También le preocupa el cambio en la actitud hacia los refugiados tras los atentados de París en noviembre. “La gente solía decirnos hola en la calle, darnos la bienvenida. Ahora ya no lo hacen”, explica.

La incómoda situación de su familia podría corresponder a la de cientos de miles de personas más, a quienes unas sobrepasadas autoridades europeas albergan en pabellones deportivos y otros edificios públicos.

Casi un millón de personas alcanzaron este año las costas de Europa huyendo de la guerra y la pobreza. Tras sobrevivir a un ataque con bomba en Bagdad en 2014, Ahmad y Alia decidieron arriesgar su vida y cruzar este verano el mar Egeo rumbo a Grecia, antes de atravesar siete países en pocos días durante el momento álgido de la crisis migratoria.

Durmieron al raso en los Balcanes, esquivaron arrestos y entregaron su dinero a traficantes de migrantes -10.000 dólares (9.000 euros)- para poder tener una oportunidad en Europa.

Su objetivo era Holanda, donde cuentan con familia en Utrecht, una pintoresca ciudad situada lejos de los refugios improvisados por donde transitaron antes de terminar el 16 de octubre en el campamento de Leeuwarden, una localidad de unos 100.000 habitantes.

Las autoridades holandesas tardaron cinco semanas en registrar la solicitud de asilo de la pareja. “Sentí que Holanda no nos quería, como si nos estuviera invitando a marcharnos”, confiesa Ahmad.

Con 54.000 solicitudes registradas entre enero y mediados de noviembre, las autoridades reconocen que se encuentran abrumadas.

“Tenemos solicitudes atrasadas y esto en ocasiones crea roces”, explica Alet Bowmeester, portavoz de la Agencia Central para la Acogida de Solicitantes de Asilo.
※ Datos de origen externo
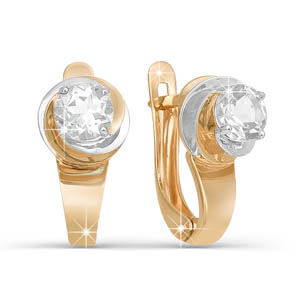 Серьги из золота с фианитами 122360 Серьги (Au 585)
Con casi nada más que hacer que esperar, la pareja busca maneras de levantar el ánimo.

“Cada mañana, mis amigas y yo nos reunimos en una habitación que hemos tomado como sala de maquillaje. Vamos allí a vestirnos, a maquillarnos y peinarnos”, explica Alia, en cuyo rostro son visibles las cicatrices del atentado de 2014.
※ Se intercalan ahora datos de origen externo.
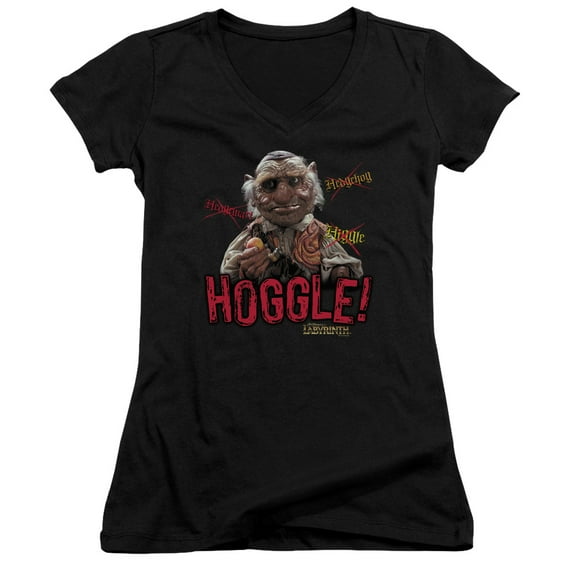 Labyrinth Hoggle Junior Women's T-Shirt V-Neck Black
Una vez a la semana la familia come en Mouni, un restaurante de kebabs en el corazón de Leeuwarden, muy popular entre los refugiados. “No es la misma comida que en Irak, pero se agradece comer algo que nos recuerde nuestro hogar”, dice Alia.

A continuación, se unen a un grupo de sirios e iraquíes en una excursión de un día al zoológico -patrocinada por una iglesia local-, donde la atracción principal es una colonia de focas en un estanque.

Los cuidadores del zoológico transportan a los visitantes en una barca de madera para que vean a los animales alimentarse, pero incluso un momento de diversión como éste puede revivir un trauma.

A los niños les encanta, si bien el pánico puede llegar a paralizar a muchos visitantes adultos, a quienes les sobreviene a la memoria la peligrosa travesía hacia las costas de Grecia.

Alia también tiene sus propios demonios. Un ruido fuerte le hace recordar el atentado con bomba al que consiguió sobrevivir. Su odisea en los Balcanes también fue “una pesadilla”, pero su mente logró olvidar gran parte.

Al preguntarle si es feliz en Holanda, contesta: “Por supuesto, esto es mejor, mucho mejor. Sin mar, sin correr, sin miedo, sin nadie que venga a hacernos daño o a robarnos”.

Su único miedo, al igual que su marido, es no poder permanecer en el país. “Pienso en ello. Que nos podrían devolver (a Irak). Eso me asusta mucho”.